====== SUPPLIED RECORDS

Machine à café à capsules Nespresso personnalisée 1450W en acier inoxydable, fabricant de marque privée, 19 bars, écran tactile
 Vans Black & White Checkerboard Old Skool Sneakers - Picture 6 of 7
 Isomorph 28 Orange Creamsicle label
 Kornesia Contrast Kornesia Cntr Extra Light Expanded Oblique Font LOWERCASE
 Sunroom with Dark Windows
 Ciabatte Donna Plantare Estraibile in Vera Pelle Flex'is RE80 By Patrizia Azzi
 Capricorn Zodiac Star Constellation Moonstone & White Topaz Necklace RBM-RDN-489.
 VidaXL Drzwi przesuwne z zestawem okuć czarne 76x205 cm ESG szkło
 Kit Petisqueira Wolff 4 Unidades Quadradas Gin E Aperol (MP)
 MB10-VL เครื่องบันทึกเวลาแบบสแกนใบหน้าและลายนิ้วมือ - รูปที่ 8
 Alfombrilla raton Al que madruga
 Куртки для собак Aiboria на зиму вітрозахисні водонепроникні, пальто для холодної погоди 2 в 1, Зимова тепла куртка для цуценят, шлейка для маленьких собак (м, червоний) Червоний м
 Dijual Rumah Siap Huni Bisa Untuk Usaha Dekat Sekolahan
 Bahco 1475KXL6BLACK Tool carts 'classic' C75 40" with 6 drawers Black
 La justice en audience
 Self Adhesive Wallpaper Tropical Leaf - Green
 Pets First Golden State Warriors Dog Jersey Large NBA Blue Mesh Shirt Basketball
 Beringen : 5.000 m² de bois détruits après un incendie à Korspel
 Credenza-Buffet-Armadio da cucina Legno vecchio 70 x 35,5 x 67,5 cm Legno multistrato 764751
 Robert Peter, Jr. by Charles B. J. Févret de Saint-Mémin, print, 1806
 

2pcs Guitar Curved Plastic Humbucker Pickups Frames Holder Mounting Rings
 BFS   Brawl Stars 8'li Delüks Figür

============

▶ **EXERCISE BRIEF**
Provide an exact reproduction of all the entries shown above.

▶ **RESPONSE TO THIS EXERCISE**
Machine à café à capsules Nespresso personnalisée 1450W en acier inoxydable, fabricant de marque privée, 19 bars, écran tactile
 Vans Black & White Checkerboard Old Skool Sneakers - Picture 6 of 7
 Isomorph 28 Orange Creamsicle label
 Kornesia Contrast Kornesia Cntr Extra Light Expanded Oblique Font LOWERCASE
 Sunroom with Dark Windows
 Ciabatte Donna Plantare Estraibile in Vera Pelle Flex'is RE80 By Patrizia Azzi
 Capricorn Zodiac Star Constellation Moonstone & White Topaz Necklace RBM-RDN-489.
 VidaXL Drzwi przesuwne z zestawem okuć czarne 76x205 cm ESG szkło
 Kit Petisqueira Wolff 4 Unidades Quadradas Gin E Aperol (MP)
 MB10-VL เครื่องบันทึกเวลาแบบสแกนใบหน้าและลายนิ้วมือ - รูปที่ 8
 Alfombrilla raton Al que madruga
 Куртки для собак Aiboria на зиму вітрозахисні водонепроникні, пальто для холодної погоди 2 в 1, Зимова тепла куртка для цуценят, шлейка для маленьких собак (м, червоний) Червоний м
 Dijual Rumah Siap Huni Bisa Untuk Usaha Dekat Sekolahan
 Bahco 1475KXL6BLACK Tool carts 'classic' C75 40" with 6 drawers Black
 La justice en audience
 Self Adhesive Wallpaper Tropical Leaf - Green
 Pets First Golden State Warriors Dog Jersey Large NBA Blue Mesh Shirt Basketball
 Beringen : 5.000 m² de bois détruits après un incendie à Korspel
 Credenza-Buffet-Armadio da cucina Legno vecchio 70 x 35,5 x 67,5 cm Legno multistrato 764751
 Robert Peter, Jr. by Charles B. J. Févret de Saint-Mémin, print, 1806
 

2pcs Guitar Curved Plastic Humbucker Pickups Frames Holder Mounting Rings
 BFS   Brawl Stars 8'li Delüks Figür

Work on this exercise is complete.